RECORDS SUPPLIED>
#####
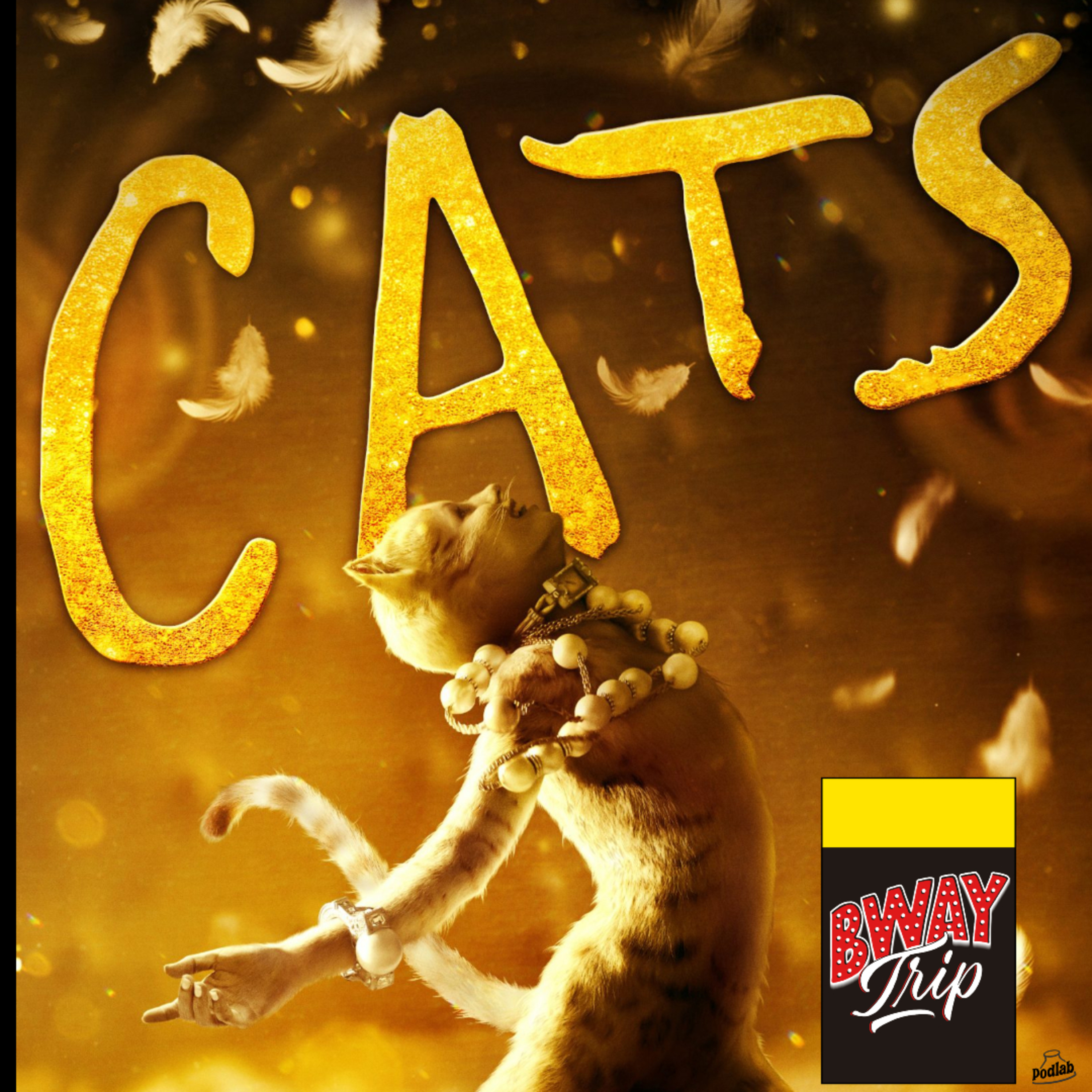 Fuera de Formato: Cats Movie (2019)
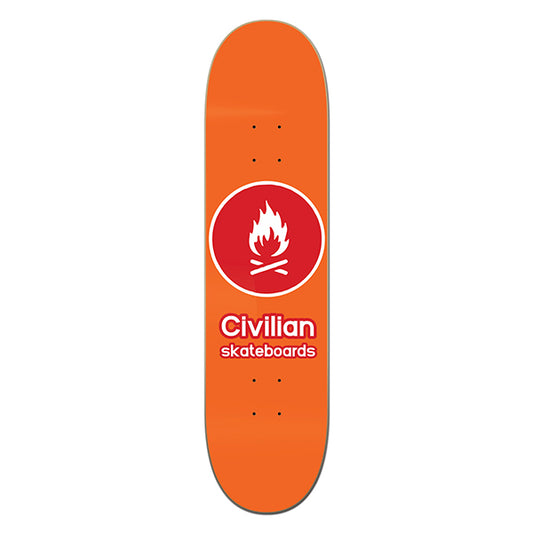 Civilian - Deck - Camp Vibes Series "Campfire"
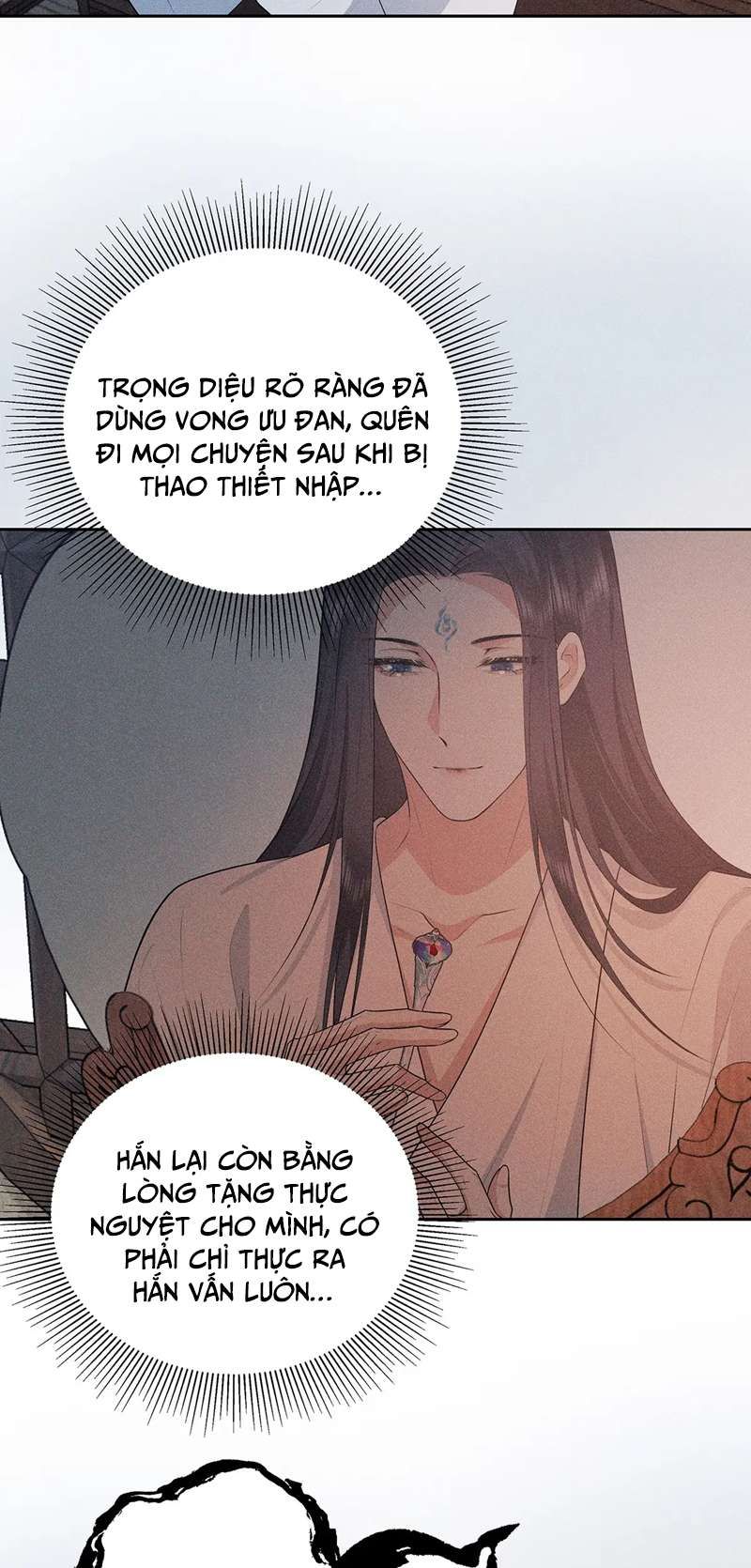 Xâm Chiếm Nguyệt Quang Chapter 38 - Trang 2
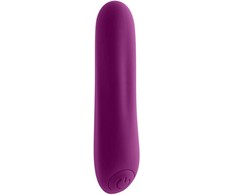 Playboy Pleasure - Playboy Bullet Vibrator - Violetinė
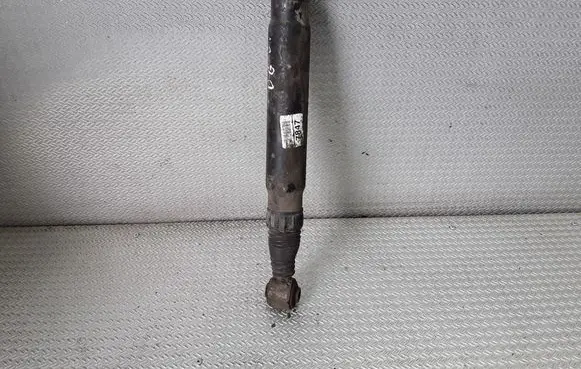 Peugeot 607 Rear shock absorber/damper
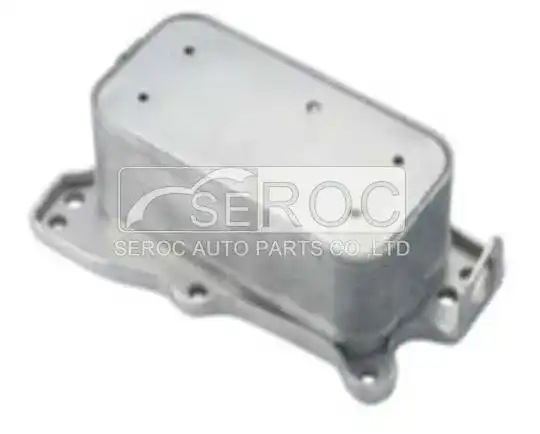 Oil Cooler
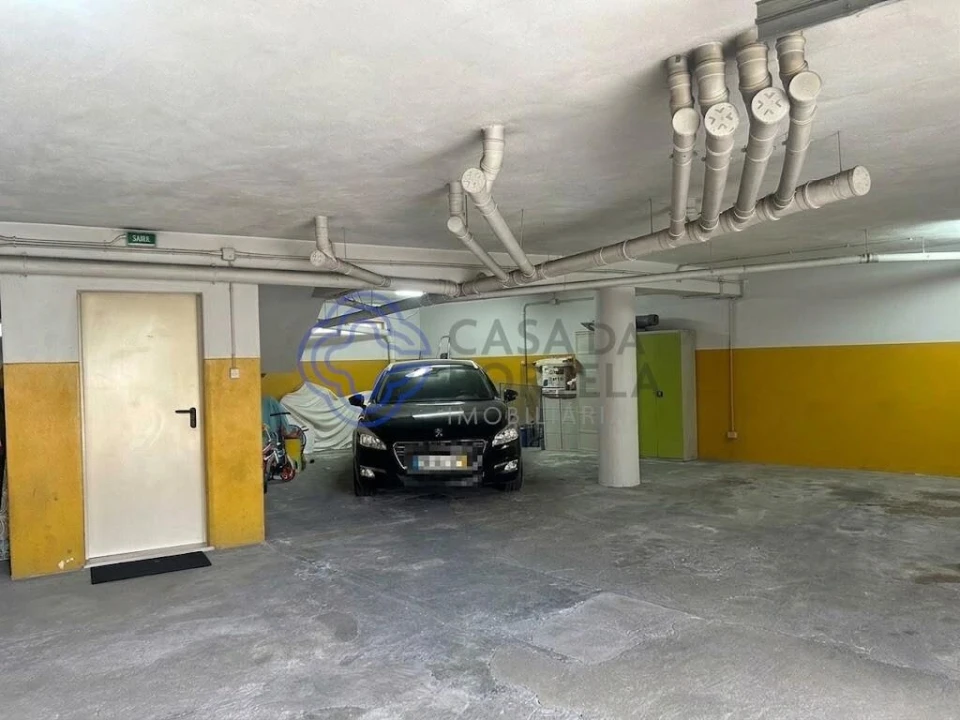 Apartamento T2 para Venda em Rio Tinto Foto 14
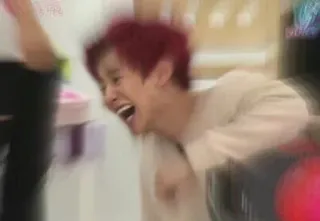 😂 6107d8fa person, weinen, emotional, meme, ausdruck telegram sticker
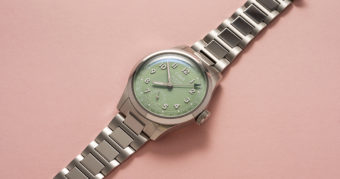 Flying Colors: Oris Unveils New Big Crown Pointer Date Models at Watches & Wonders 2025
#####
The stretch above running from the line with "Playboy Pleasure - Playboy" through the line with "ausdruck telegram sticker" is all you should copy, exactly, leaving out the pictures.

 Playboy Pleasure - Playboy Bullet Vibrator - Violetinė
 Peugeot 607 Rear shock absorber/damper
 Oil Cooler
 Apartamento T2 para Venda em Rio Tinto Foto 14
 😂 6107d8fa person, weinen, emotional, meme, ausdruck telegram sticker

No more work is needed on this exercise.